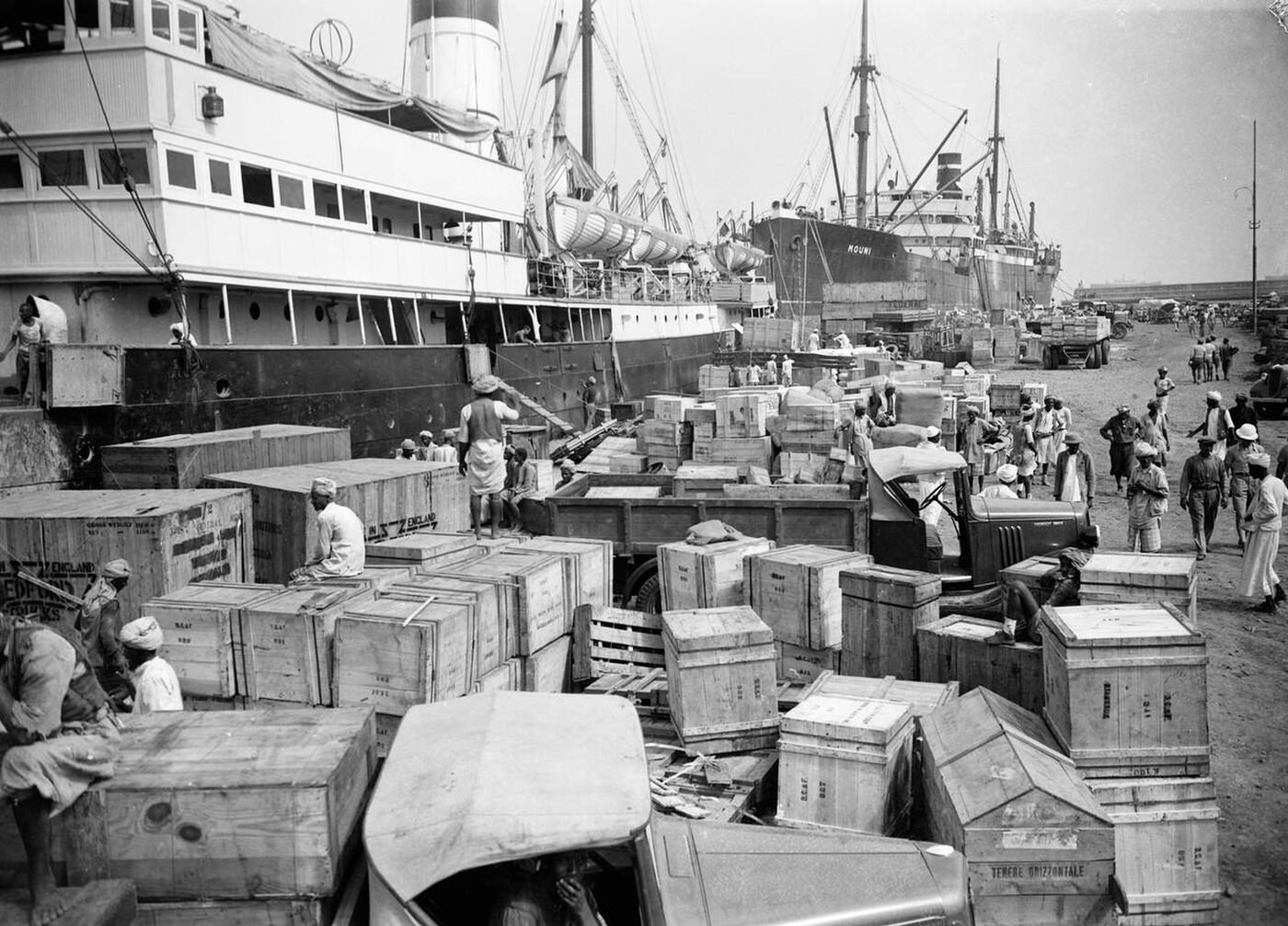 #48 The docks at Massawa piled high with all kinds of war supplies, 1935.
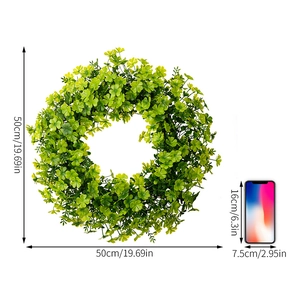 50cm St. Patrick's Day green leaf wreath size comparison with phone on white background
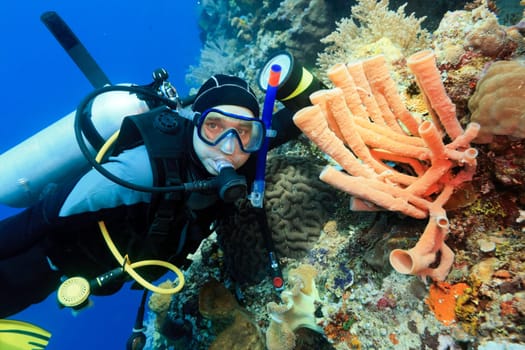 Scuba diver underwater close to coral reef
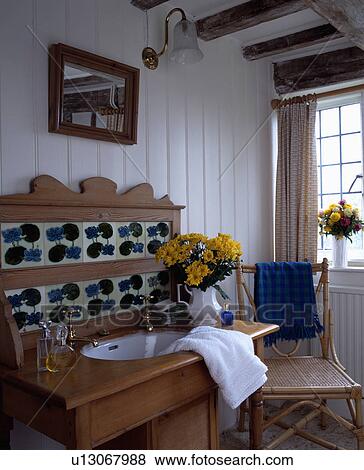 Basin set into old pine washstand with Blue+white tiles in panelled white cottage bathroom with bamboo+cane chair View Large Photo Image Stock Photo - Basin set into old pine washstand with Blue+white tiles in panelled white cottage bathroom with bamboo+cane chair. Fotosearch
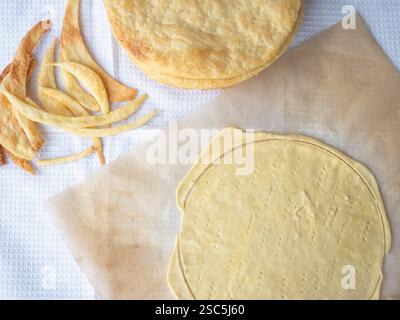 Kochen eines Napoleon-Kuchens mit einem Haufen gebackener dünner Butterschichten, einer rohen Schicht, die auf Backpapier und Teigresten ausgerollt wurde Stockfoto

## TASK ITEM
Could you restate all of the data above word for word and skip every picture?

## OUTPUT OF THE TASK
 #48 The docks at Massawa piled high with all kinds of war supplies, 1935.
 50cm St. Patrick's Day green leaf wreath size comparison with phone on white background
 Scuba diver underwater close to coral reef
 Basin set into old pine washstand with Blue+white tiles in panelled white cottage bathroom with bamboo+cane chair View Large Photo Image Stock Photo - Basin set into old pine washstand with Blue+white tiles in panelled white cottage bathroom with bamboo+cane chair. Fotosearch
 Kochen eines Napoleon-Kuchens mit einem Haufen gebackener dünner Butterschichten, einer rohen Schicht, die auf Backpapier und Teigresten ausgerollt wurde Stockfoto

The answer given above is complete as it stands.